Lange, J., Goerigk, S., Nowak, K., Rosner, R., & Erhardt, A. (2021). Attachment Style Change and Working Alliance in Panic Disorder Patients Treated With Cognitive Behavioral Therapy. PSYCHOTHERAPY, 58(2), 206-218. doi:10.1037/pst0000365.


Cite as: http://hdl.handle.net/21.11116/0000-0009-2C3A-6
Abstract
An insecure attachment style (AS). described as being highly anxious and/or avoidant, is often assumed to be stable over time, yet some studies show that AS can change. To the extent that AS may be malleable over shorter time periods, it potentially impacts key therapy processes and outcomes.
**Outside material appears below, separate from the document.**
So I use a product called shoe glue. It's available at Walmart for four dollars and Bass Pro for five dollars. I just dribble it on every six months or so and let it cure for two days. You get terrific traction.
In the present study, we first investigated the stability of AS in patients with panic disorder (N = 49) treated with short-term cognitive behavioral therapy (CBT) including follow-up. Second, we tested whether time-specific change of AS predicted subsequent symptom severity, interpersonal distress (ID), and alliance, or vice versa. Third, we investigated if anxious attachment and ID average levels impact the alliance-outcome relation. Analyses were conducted at within- and between-patient levels with 5 measurements (baseline, intermediate, end, and follow-up after 4 and 8 months) over the course of CBT (12 sessions/8 weeks, 2 booster sessions) using linear mixedeffects models. A strong decrease in anxious attachment was found that was stable until 8 months after therapy. At the within-patient level, a reciprocal relationship of reduction in anxious attachment with less symptom severity, stronger alliance, and a prediction of less ID was found. U) decrease preceded less avoidance. At the between-patient level, anxious attachment and ID moderated the relation of alliance change and subsequent depressive symptoms. The prolonged improvement in interpersonal patterns suggests that short-term CBT positively modifies attachment working models in panic disorder patients. Effects on therapy process indicate that anxiously attached and interpersonally distressed patients seem to benefit more from alliance increase.